Sobre Ilich Ramírez Sánchez
Por Leôncio de Aguiar Vasconcellos Filho | 17/07/2024 | HistóriaA bipolaridade ideológica que marcou o século XX foi algo, realmente, semelhante a um dos próprios sistemas que se pretendia fazer dominar: totalitária, eis que, para a sobrevivência do mesmo, necessária era a conversão total dos dispostos a materializá-lo. E um daqueles foi, e ainda é (apesar de cumprindo estar sentença de prisão perpétua na França) o revolucionário e mercenário venezuelano de extrema esquerda Ilich Ramírez Sánchez.
Filho de um advogado marxista (que pôs nos dois irmãos de Ilich os prenomes Vladimir e Lênin), Ilich seguiu desde muito cedo sua vocação para a luta armada. Em 1970, por exemplo, quando estudava na Universidade Patrice Lubumba, em Moscou, foi expulso por incitar a desordem, tendo, provavelmente lá, se tornado fluente em russo.
Após a expulsão, se instalou no Oriente Médio, onde ingressou na Frente Popular para a Libertação da Palestina (FPLP), um dos braços principais da Organização para a Libertação da Palestina (OLP), participando de diferentes atos terroristas contra pessoas e alvos sionistas, a exemplo do atentado contra a vida de um corporativo judeu, que foi frustrado por falha da arma no momento do pretendido tiro. Até então, Ilich havia permanecido relativamente desconhecido dos serviços de inteligência ocidentais, não obstante seu talento de centralizar, na sua própria pessoa, a execução de todas as ações militares, dando aos demais papéis de meros coadjuvantes, e de, além do espanhol nato, do russo e do árabe, também ser fluente em inglês e francês.

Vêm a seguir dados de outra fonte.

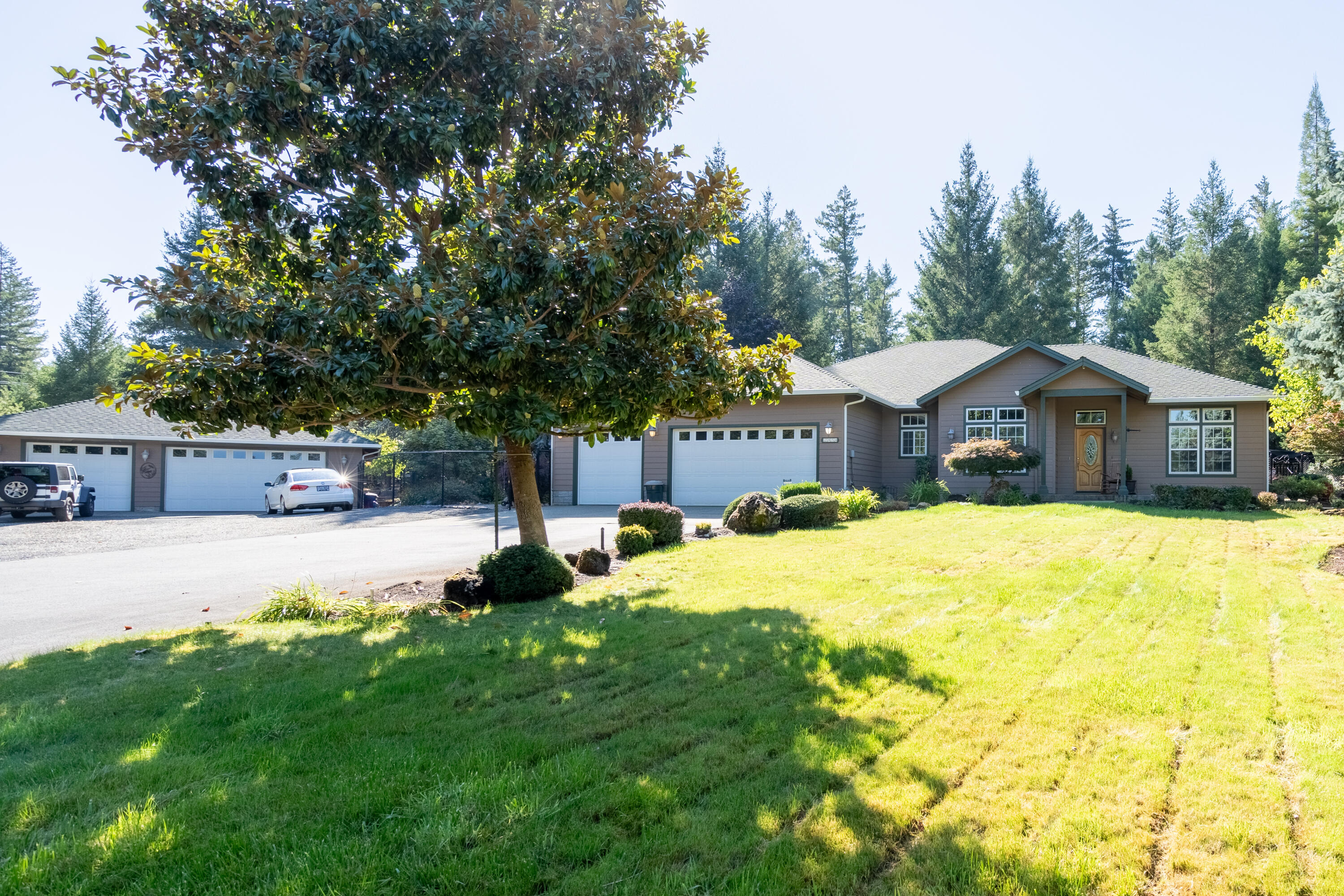2854 Riverbanks Road Grants Pass, OR 97527 - Photo 5 of 62 DSC07393-HDR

A ação terrorista que mais lhe rendeu fama foi, em 1975, o sequestro, em Viena e na sede da Organização dos Países Exportadores de Petróleo (OPEP, o cartel internacional fundado por Venezuela, Iraque, Kuwait, Arábia Saudita e Irã) de onze dos ministros dos países membros, que se encontravam presentes. O ato custou as vidas de três pessoas, passando Ilich a atuar de modo mais exibido e a ser o protagonista de vários outros atentados, como o perpetrado contra aviões no Aeroporto de Orly, em Paris, além de haver estabelecido como neutralizáveis diversos alvos sionistas na França e no Reino Unido, numa onda de ataques em que dezenas de pessoas viriam a falecer. Foi em uma das perseguições realizadas pela polícia francesa que, em um quarto de hotel de que acabara de escapar, foi encontrado o livro O Dia do Chacal, de Frederick Forsyth (por sinal, um grande romancista, razão pela qual indico, aos que se interessarem, a leitura do clássico O Dossiê Odessa, em que narra a pretendida e suposta fuga de criminosos de guerra nazistas para a Argentina), que serviu para lhe alcunharem "Carlos, o Chacal".
O Chacal sempre conseguia se evadir dos serviços de inteligência ocidentais, bem como do Mossad, de Israel, e por isso, no começo da década de 1980, era considerado o homem mais procurado do mundo, em especial após o atentado não consumado ao transporte em que estava o então Primeiro-Ministro e futuro Presidente da República Francesa, Jacques Chirac. Naquela época, já havia iniciado seu romance com Magdalena Kopp, terrorista alemã-ocidental do grupo Fração do Exército Vermelho, também conhecido como Baader-Meinhof (Magdalena, inclusive, escreveu um livro sobre seus anos ao lado do Chacal). Como se pode perceber, ele só militava em favor da esquerda e dos não-alinhados, de modo informal ou para vários de seus regimes, como os de Muammar Kadafi, Saddam Hussein, Hafez Al-Assad e outros. Por isso, recuso-lhe o rótulo de "mercenário comum". Era um mercenário, ao menos, coerente.
No final da década de 1980, o Chacal não encontrava, mais, facilidades de ofertas, em parte devido à Queda do Muro de Berlim e do Bloco Socialista Europeu Oriental, com o consequente contágio das oportunidades que lhes eram comumente facilitadas. Assim, buscou refúgio no Sudão, onde foi capturado pelo serviço de inteligência francês após tencionar uma cirurgia nos testículos, num procedimento que lhe tornou inconsciente, servindo para levá-lo à França, onde até hoje cumpre várias penas de prisão perpétua.
Nos últimos anos de sua Presidência, Hugo Chávez exigiu da França a deportação do Chacal, para que pudesse cumprir suas penas em solo venezuelano (ou, talvez, ser libertado).